Postgresql – How to Model / Quickly test for set membership in SQL

postgresql

Each row in a table needs to be protected a list of application specific roles lets say something that looks like this example below

     Desired Table Structure

pkey | data | roles 
---------------------
 1   |  ... | {1,2,5}
 2   |  ... | {1,4,3}
 3   |  ... | {7,11,67,101}

In this example the row with primary key 1 should only be visible to any user who has roles 1 or 2 or 5, row 2 should be visible to any user who has role 1 or 4 or 3 … etc.

When a user logs into the application the application computes all roles that the user has for example I know that User 1 has has roles {1,11,7} and User 2 has roles {1,3,5}

My current implementation uses two tables like so.
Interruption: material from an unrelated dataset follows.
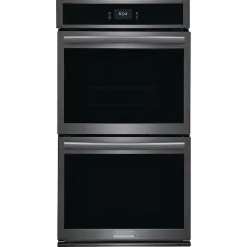 Four Mural électrique Double à Covection 27 Po Frigidaire Gallery, Acier Inoxydable Noir, Autonettoyant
    Actual Table Structure

foo table
pkey | data 
------------
 1   | ... 
 2   | ...        
 3   | ...

 roles table
 foo_fk | role_id
 ------------------
   1     | 1
   1     | 2
   1     | 5
   2     | 1 
   2     | 4
   2     | 3
   3     | 7
   3     | 11 
   3     | 67
   3     | 101

A join is required to make a query on data that only returns the data for a specific user.

Is there a way to represent the roles in some way that I can store the list of roles that protects a row in a single colum such that I can do a select statement against that table that returns only the rows that the user can see. I want this to be as fast as possible.

I have already tried using bit strings but backed off because a bit string operation in the left hand side of the where clause is going to always cause a full table scan because an expression such as
(column & seach_bit_mask) == some_value needs to evaluate the bit operation on every row of the table to return the result, thus requiring a full table scan.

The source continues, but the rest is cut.